2. Quick change artist

I covered a high school football game about 10 years ago in the Valley. Can't remember if it was at Shelton or Derby, but you'll understand why the details remain fuzzy in a moment. I've successfully blocked them from my mind.

I interviewed the visiting coach on the field, and when I finished I searched around for the home coach. He had already left the field and was heading toward his office. I jogged after him, but couldn't catch him before he entered his office door.

Mind you, it couldn't have been more than 10 seconds before I walked into the office after him. But the coach was already completely nude and unwrapping a sandwich.

Able to hold off gasping in horror at the Montgomery Burns-esque figure standing before me (the coach was an older fellow), I wondered how someone could disrobe so quickly.
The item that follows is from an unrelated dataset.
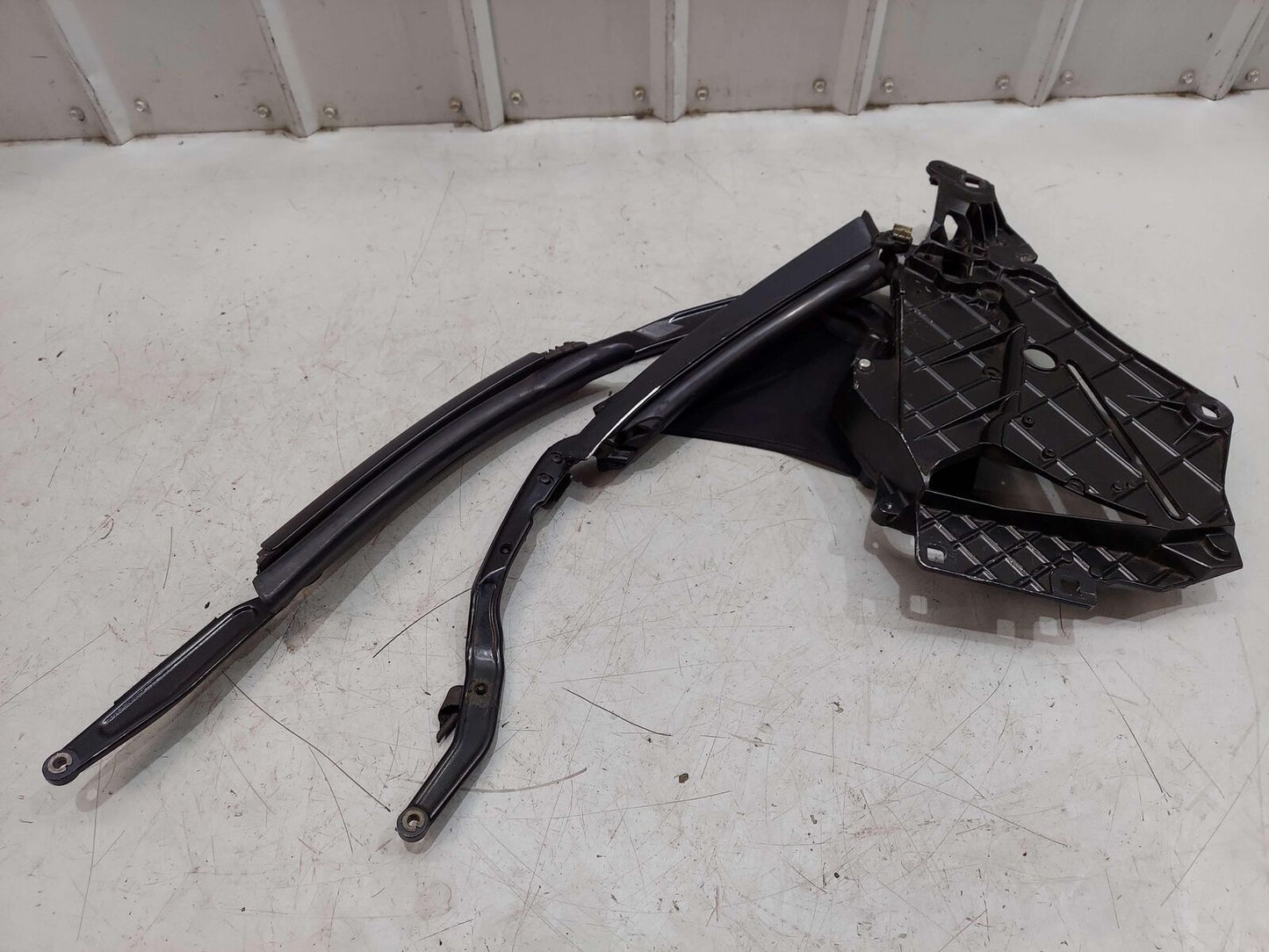 99-13 PORSCHE 911 996 CARRERA LEFT CONVERTIBLE TOP LIFT MOTOR BRACKET *NOTE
The only reasonable explanation I could ascertain was that the coach had to be wearing a Velcro, tear-away coaching outfit, and must have reenacted the scene in "The Naked Gun" where Leslie Neilsen tears away his three-piece suit just before getting it on with Priscilla Presley wearing full-body condoms.

I can't even remember who the coach was, but it's probably because my eyes were bleeding so profusely.

1. Treehouse of Horror

I was covering a Yale men's hockey game at St. Lawrence University in upstate New York in 2003. The press box at the very old, very wooden rink isn't so much a media facility. It's more of a tree house. It's actually perched just above the arena lights, and to get up there you have to climb ladder steps nailed into the side of the wall. It's literally a vertical climb.

Normally, not a big problem. But I had broken my left arm about two weeks earlier, and had a cast that stretched from my hand up to just under my arm pit. Making the climb with a computer bag tossed over my shoulder was, to say the least, tricky.

After the game, I made the treacherous climb down and headed for the Yale locker room for the post-game interview. Problem: the door leading to the hallway to get there was locked. I walked all around the bowels of the arena trying to find a way to the locker room, but to no avail. I was lost in a labyrinth of ice-cooling pipes, vents and locked doors. Think of the scene from "Spinal Tap" (Hello, Cleveland! Hello, Cleveland!!). That was me.

Finally, I headed back up to the tree house and called Yale's assistant athletic director, who had made the trip upstate, on his cell phone to see if he could get me Yale coach Tim Taylor.

"He's already on the bus," he said. "I'll send him back to the locker room."

Before I could tell him I couldn't get to the locker room, he'd hung up. Wonderful. But about a minute later, I heard someone shouting my name from down below. It was Taylor.

"Timmy, I'd come down there, but it takes 10 minutes for me to get down these steps because of my arm," I yelled.

"Well, what do you want to know?" Taylor hollered back.

So I shouted questions down to him on the bench, and he shouted his answers back up to me, perched at least 100 feet above him and peering through the arena lights.

Definitely the most unusual interview I ever did.